Baro tarafından yazılı bir açıklama yapılarak, karara karşı çıkıldı. Danıştay’ın verdiği kararın keyfi olduğunu belirtilen açıklamada, şu ifadelere yer verildi:
“Yargıda Anayasa ve yasaları yorumlama açısından zihinsel perspektif sorunu olduğunu düşündürten böyle bir kararın verilmesi yüksek yargıya generaller tarafından verilen 28 Şubat brifinglerinin etkisinin süregeldiğinin işareti olarak görülmelidir. Yargı kararlarıyla toplumdaki farklı renkler, diller ve inanışların tek tipleştirilmeye çalışılması toplumsal barışa hizmet etmemektedir.
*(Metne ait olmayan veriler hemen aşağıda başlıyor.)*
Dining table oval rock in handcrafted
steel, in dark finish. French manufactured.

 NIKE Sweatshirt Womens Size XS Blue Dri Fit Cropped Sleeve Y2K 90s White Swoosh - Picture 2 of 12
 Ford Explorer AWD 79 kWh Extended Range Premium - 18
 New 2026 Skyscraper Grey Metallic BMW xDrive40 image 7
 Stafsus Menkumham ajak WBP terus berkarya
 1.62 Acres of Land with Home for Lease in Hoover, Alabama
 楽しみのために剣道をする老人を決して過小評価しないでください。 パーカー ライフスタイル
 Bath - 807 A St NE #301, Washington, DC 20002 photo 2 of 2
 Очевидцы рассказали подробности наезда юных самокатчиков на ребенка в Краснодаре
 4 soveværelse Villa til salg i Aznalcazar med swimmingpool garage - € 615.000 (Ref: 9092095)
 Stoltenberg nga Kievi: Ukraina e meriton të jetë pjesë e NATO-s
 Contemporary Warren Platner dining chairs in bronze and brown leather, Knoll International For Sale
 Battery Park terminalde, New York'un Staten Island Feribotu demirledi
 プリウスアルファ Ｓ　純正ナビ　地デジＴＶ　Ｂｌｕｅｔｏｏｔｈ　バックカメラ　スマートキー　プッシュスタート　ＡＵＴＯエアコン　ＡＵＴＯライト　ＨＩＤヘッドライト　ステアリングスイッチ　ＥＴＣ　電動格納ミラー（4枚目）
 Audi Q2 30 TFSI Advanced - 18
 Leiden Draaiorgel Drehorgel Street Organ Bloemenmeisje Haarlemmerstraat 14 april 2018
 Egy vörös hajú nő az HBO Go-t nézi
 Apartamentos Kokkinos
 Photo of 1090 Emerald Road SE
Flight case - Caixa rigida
Danıştay 8.Dairesi, “8 Ekim 2013 tarihli Milli Eğitim Bakanlığı İlköğretim Kurumları Yönetmeliğinde Değişiklik Yapılmasına Dair Yönetmeliğin 1’inci Maddesiyle yürürlükten kaldırılan “öğrenci Andı” ile ilgili olarak vermiş olduğu kararla hukukun temel ilkelerini esas ve usul bakımından görmezden gelerek keyfilik kokan bir gerekçeyle iptal kararı vermiştir. Bu yönüyle de Danıştay 8. Dairesince hukuksal mantık açısından eleştiriye açık zayıf ve sakat bir karar verilmiştir. Kararın gerekçesi incelendiğinde Dairenin, gerekçe oluşturmak için oldukça gayret gösterdiği anlaşılmaktadır. Kararda, idarenin bir eylem veya işleminin “öğrenci andının kaldırılması, ancak bu değişikliği hukuka uygun kılacak olan bir bilimsel gerekçeye dayanması halinde olanaklıdır. Aksi tutum, idarenin sahip olduğu düzenleme yetkisini ve takdir hakkını hukuka uygun kullanmadığı anlamına gelecektir.” Şeklinde belirtilmesi ideolojik tutum içinde karar verildiğini düşündürten en hafif deyimle talihsiz bir durum yaratmıştır.”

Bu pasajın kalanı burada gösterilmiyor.